Damit, genauer: mit einem Ausbruch des Keims Acinetobacter baumanii, hatte im Januar die Uniklinik Schleswig-Holstein in Kiel zu kämpfen gehabt. Er betraf 31 Patienten, von denen vermutlich drei an der Infektion mit diesem Keim starben. Als Überträger des Keims gilt ein deutscher Tourist, der schwer krank von einer türkischen Klinik nach Kiel verlegt worden war. Dieser Fall zeigt übrigens auch, wie erschreckend banal zuweilen ein Ausbruch abläuft, denn der Kranke wurde nicht in einem Isolierraum, sondern einem Drei-Bett-Zimmer behandelt, weil die Uniklinik zum Zeitpunkt der Aufnahme des Kranken kein Isolierzimmer frei hatte – ein Mangel, den die Kieler Landesregierung jetzt mit einem Sofortprogramm zum Umbau der Klinik abstellen will.
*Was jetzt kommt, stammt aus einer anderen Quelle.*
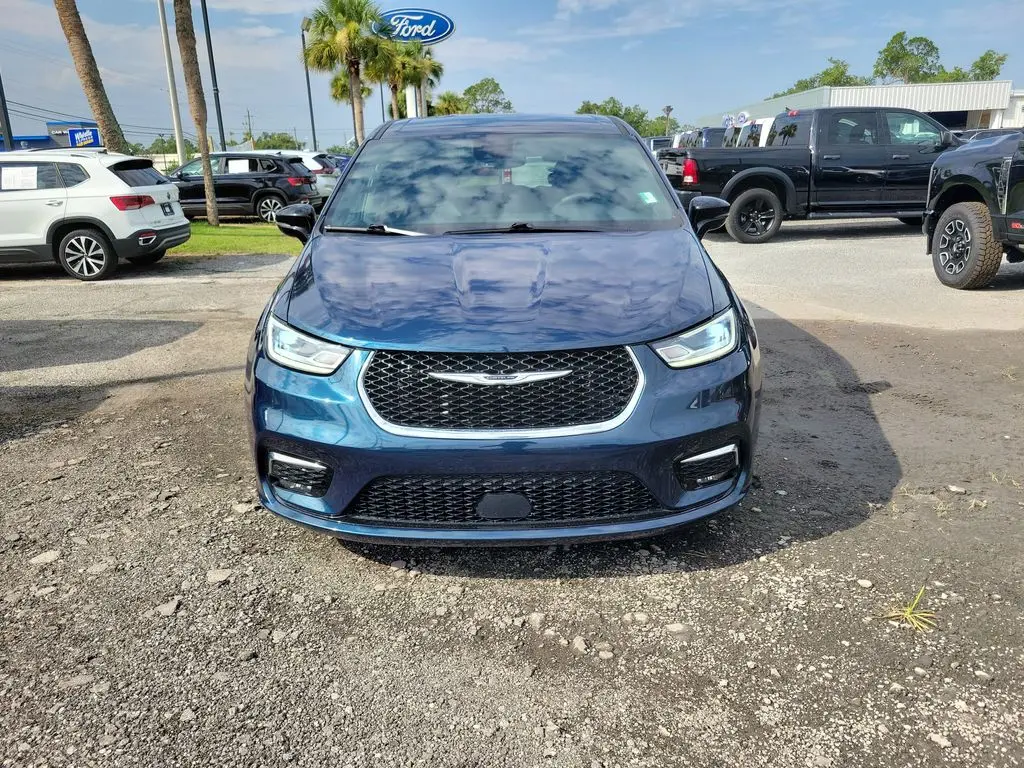 2025 Chrysler Pacifica - $25,919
Es fehlt noch immer an Hygienefachpersonal

Das allerdings wird nur nützen, wenn es genug qualifiziertes Personal gibt. Doch die „Ausstattung der Krankenhäuser mit Hygienefachpersonal“, so heißt es im RKI-Bericht, „entspricht nach wie vor nicht dem Bedarf.“ In manchen Krankenhäusern lässt zudem die Qualität der Reinigung zu wünschen übrig. So kommt eine Umfrage der Deutschen Gesellschaft für Krankenhaushygiene zu dem Ergebnis, dass an Sauberkeit und Desinfektionsmitteln gespart wird und in vielen Häusern sonntags gar nicht oder zu wenig geputzt wird.

Die Krankenhausgesellschaft Baden-Württemberg betont, dass sie längst den Kampf gegen Klinikinfektionen aufgenommen habe. Seit 2010 gebe es ein Verfahren zur Qualitätssicherung, mit dem es gelungen sei, die Zahl der in der Klinik erworbenen MRSA-Fälle nahezu zu halbieren. Dies soll jetzt auf andere Erreger wie die MRGN ausgeweitet werden. Das begrüßt Andreas Vogt von der Techniker Krankenkasse Baden-Württemberg ausdrücklich. Er verweist darauf, dass diese Keime im Jahr 2013 im Südwesten zu 3642 Blutvergiftungen führten, die stationär behandelt werden mussten. Vogt betont, dass in den meisten Fällen die Erreger von Patienten in die Kliniken eingeschleppt werden. Deshalb sei es gut, dass im Südwesten schon jeder fünfte Patient auf MRSA untersucht werde. Es müsse aber auch gelingen, dass die niedergelassenen Ärzte bei der Bekämpfung von Infektionen eine größere Rolle spielten.